(Saved data entries)
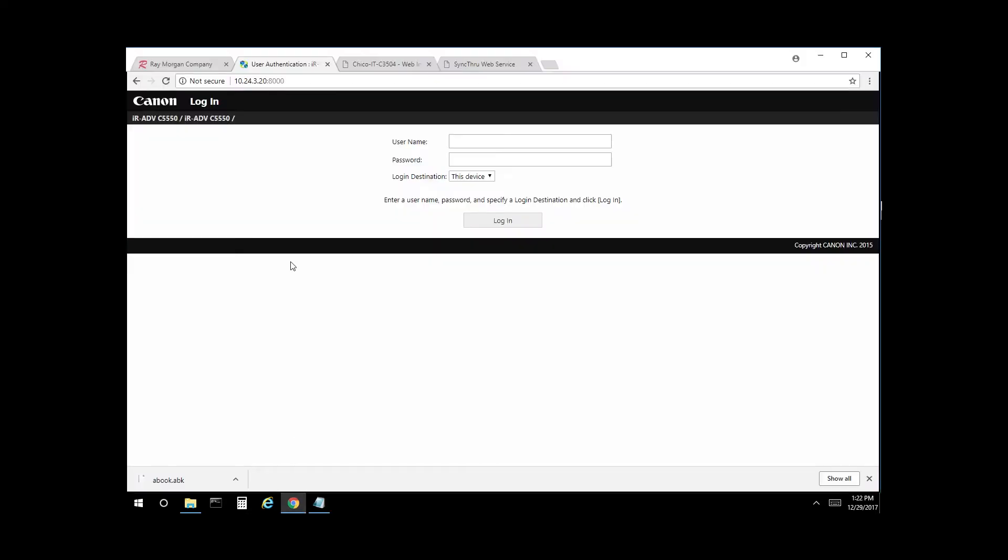Open a web browser, enter the IP address of the copier in the address bar. This would be the IP address assigned to your machine. For the user name, select or enter administrator and password 7-6-5-4-3-2-1.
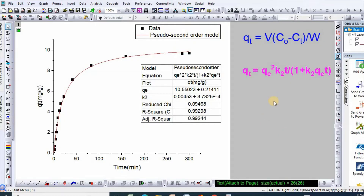Hello dear friends, my name is Dr. Mahmoud Amir Islam and welcome to my channel. In my previous videos I showed how to fit both linear and nonlinear equations of several kinetic models. In this video I would like to show you how to calculate experimental equilibrium adsorption capacity and compare it with calculated or model-fitted equilibrium adsorption capacity.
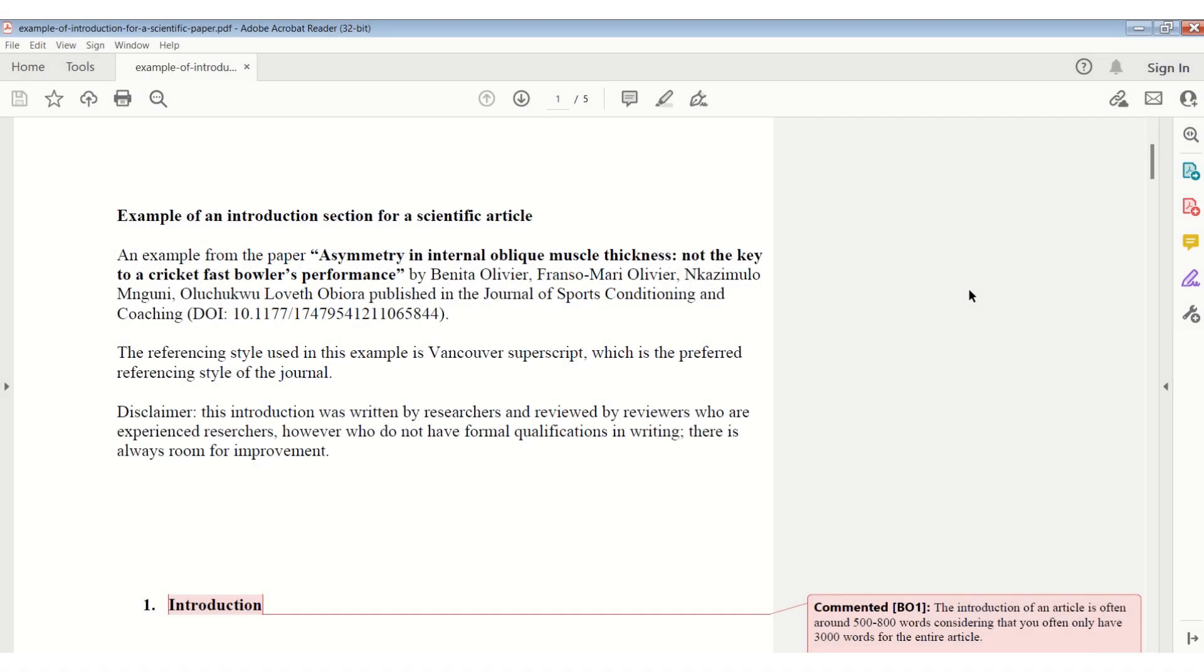In this video, we're going to look at an example of an introduction section for a scientific article. This is an introduction of a paper that has already been published, and I acknowledge my co-authors in this.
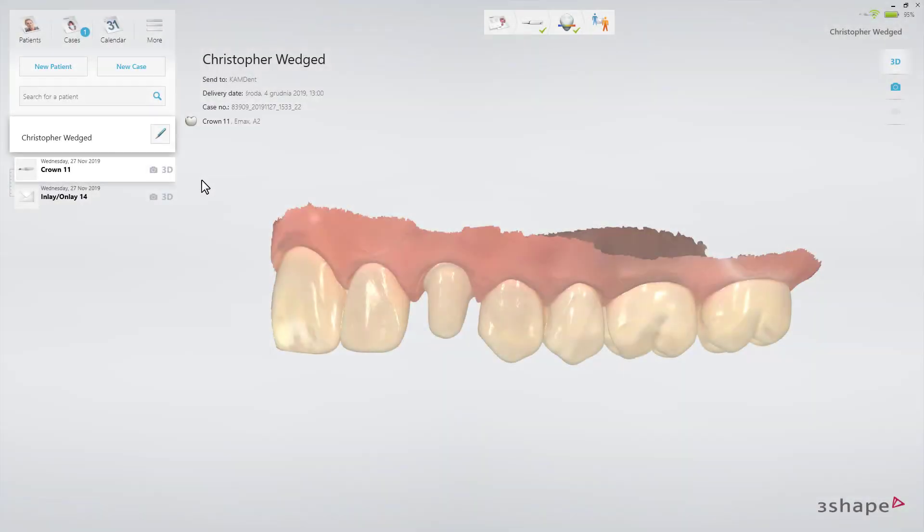This video will demonstrate the workflow for single implants. Starting on the patient's page, click on New Case.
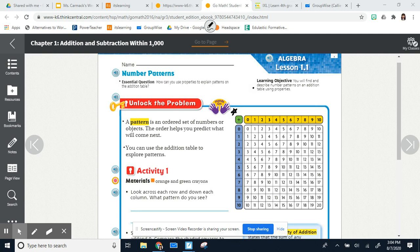Orange and green crayons — you might need those for this. If you have them, go for it, but I definitely want you to have your math book in front of you, which I sent home for you on Friday. You should have that open to page five along with a pencil. You don't have to have crayons, but if you've got them, feel free to use them.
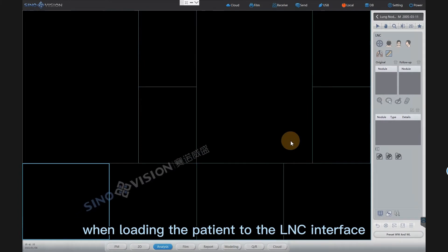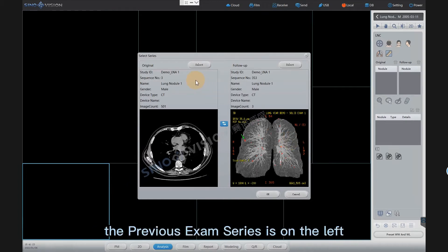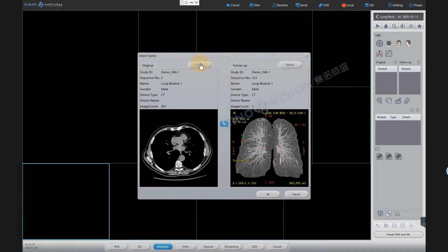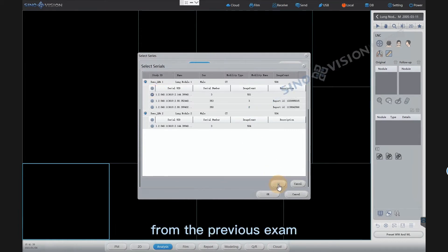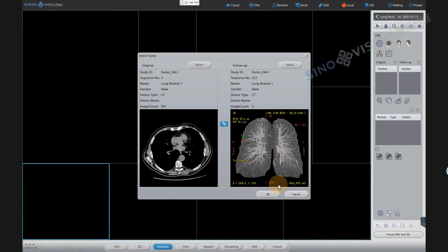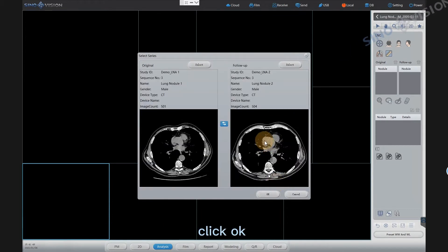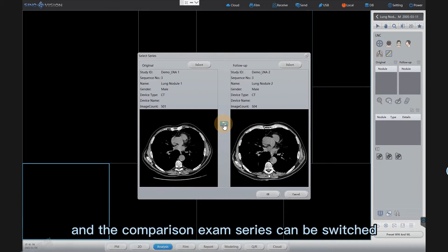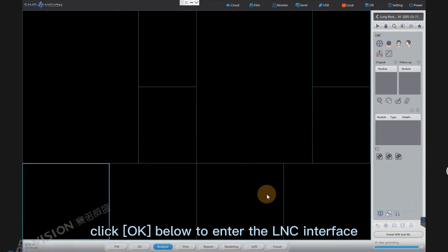When loading the patient to the LNC interface, the series selection dialog box will pop up. The previous exam series is on the left, and the comparison exam (follow-up exam) series is on the right for selection. Click the select button on the left and select the soft tissue thin layer image series from the previous exam, then click OK. Then select the soft tissue thin layer image series from the comparison exam and click OK. Through the switch button in the middle, the previous exam series and the comparison exam series can be switched. After series selection is completed, click OK below to enter the LNC interface.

### Assigned task
Transcribe the records above exactly as they appear, leaving out any pictures.

### Response area
Open a web browser, enter the IP address of the copier in the address bar. This would be the IP address assigned to your machine. For the user name, select or enter administrator and password 7-6-5-4-3-2-1.
Hello dear friends, my name is Dr. Mahmoud Amir Islam and welcome to my channel. In my previous videos I showed how to fit both linear and nonlinear equations of several kinetic models. In this video I would like to show you how to calculate experimental equilibrium adsorption capacity and compare it with calculated or model-fitted equilibrium adsorption capacity.
In this video, we're going to look at an example of an introduction section for a scientific article. This is an introduction of a paper that has already been published, and I acknowledge my co-authors in this.
This video will demonstrate the workflow for single implants. Starting on the patient's page, click on New Case.
Orange and green crayons — you might need those for this. If you have them, go for it, but I definitely want you to have your math book in front of you, which I sent home for you on Friday. You should have that open to page five along with a pencil. You don't have to have crayons, but if you've got them, feel free to use them.
When loading the patient to the LNC interface, the series selection dialog box will pop up. The previous exam series is on the left, and the comparison exam (follow-up exam) series is on the right for selection. Click the select button on the left and select the soft tissue thin layer image series from the previous exam, then click OK. Then select the soft tissue thin layer image series from the comparison exam and click OK. Through the switch button in the middle, the previous exam series and the comparison exam series can be switched. After series selection is completed, click OK below to enter the LNC interface.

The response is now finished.